Interview: „Fast vier Jahrzehnte des Wirkens für die Zement- und Betonbranche“
Bereits in der BFT 10/2023 veröffentlichten wir ein Interview mit Dipl.-Ing. Dipl. Wirtsch.-Ing. Martin Möllmann, damals noch in seiner Funktion als Head of Sales & Marketing White & CSA Cement bei der Dyckerhoff GmbH. Vor wenigen Wochen wechselte er in den wohlverdienten Ruhestand – eine gute Gelegenheit für einen gemeinsamen Rückblick.
BFT International: Lieber Martin, zunächst einmal unsere herzlichsten Glückwünsche zum Eintritt in den wohlverdienten Ruhestand nach fast vier Jahrzehnten des Wirkens für die Zement- und Betonindustrie. Wir beide kennen uns auch schon fast 20 Jahre, damals noch als Wettbewerber, die für Dyckerhoff bzw. Holcim gemeinsam mit den anderen Vertretern der führenden Zementhersteller in der Arbeitsgruppe Öffentlichkeitsarbeit für das damalige BetonMarketing Deutschland viele gute Dinge auf den Weg gebracht haben. In dieser Zeit hat sich viel getan, sowohl auf Produkt-, als auch auf der Vertriebs- und Marketing-Seite. Wie hast Du rückblickend diese Zeit erlebt?

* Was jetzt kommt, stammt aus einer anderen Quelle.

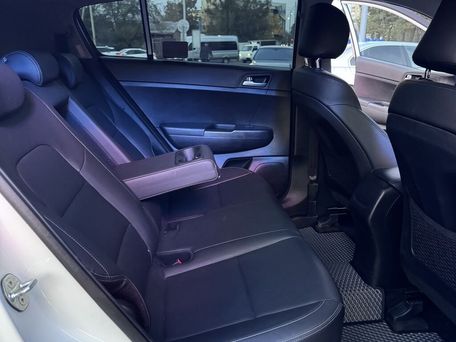 Kia Sportage, 2020 — 照片 11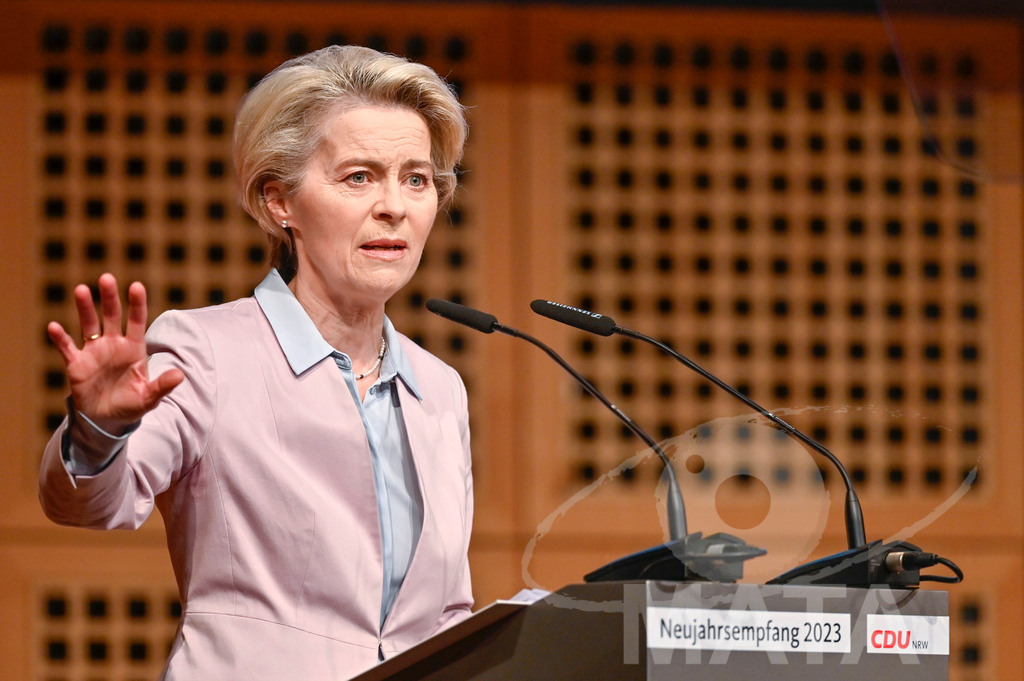 _DWI0578 | Politikerin Ursula von der Leyen beim CDU-NRW Neujahrsempfang in Düsseldorf. Düsseldorf, 28.01.2023 - Realisiert mit Pictrs.com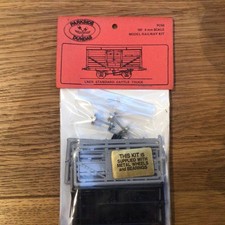Parkside Dundas OO Gauge PC50 LNER Standard Cattle Truck Kit inc Wheels Bearings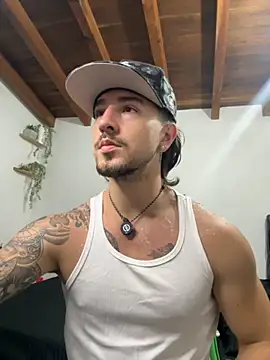 Snapshot of Valentino_Xander chatting on November 2025 11:59:01 PM Valentino Xander online show from November 2025 11:59:01 PM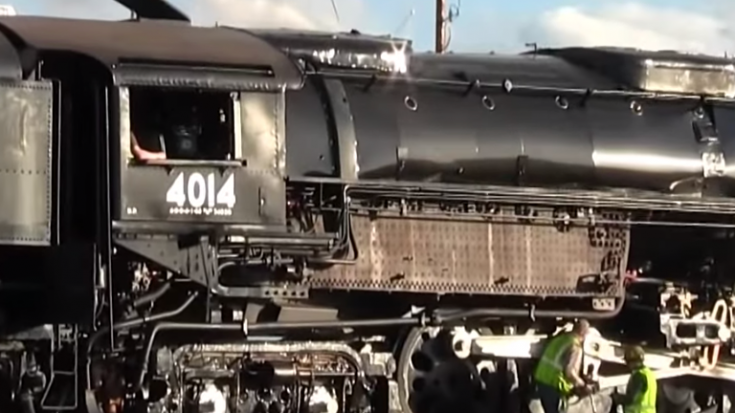 Greasing UP #4014 Big Boy | Train Fanatics Videos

M. Möllmann: Es ist natürlich kaum möglich, all die Entwicklungen der letzten Jahrzehnte in Kürze zu beschreiben. Ich möchte aber einige Meilensteine hervorheben. Meine berufliche Laufbahn ist, wie Du sagst, eng mit den Entwicklungen und Veränderungen der Zement- und Betonbranche verbunden. Als ich 1991 bei Dyckerhoff angefangen habe, fing es gerade mit dem Thema farbiger Beton an. Der damals entstandene Begriff „Architekturbeton“ war geprägt von einer besonderen Formgebung oder Farbe. Ein Leuchtturmprojekt hierfür war das von Gottfried Böhm entworfene Züblin-Haus in Stuttgart mit seinen rötlich eingefärbten und besonders geformten Betonelementen. Die Weiterentwicklung ging danach schnell voran - insbesondere gewaschene und geschliffene Betonoberflächen standen dabei im Fokus. Die Idee, Beton zu schleifen, kam aus Holland - ob es nun Fassaden waren oder Stützen und Säulen. Mit sog. „Säulenschleifmaschinen“, die man damals hatte, wurde die Oberflächen bis auf das Korn heruntergeschliffen.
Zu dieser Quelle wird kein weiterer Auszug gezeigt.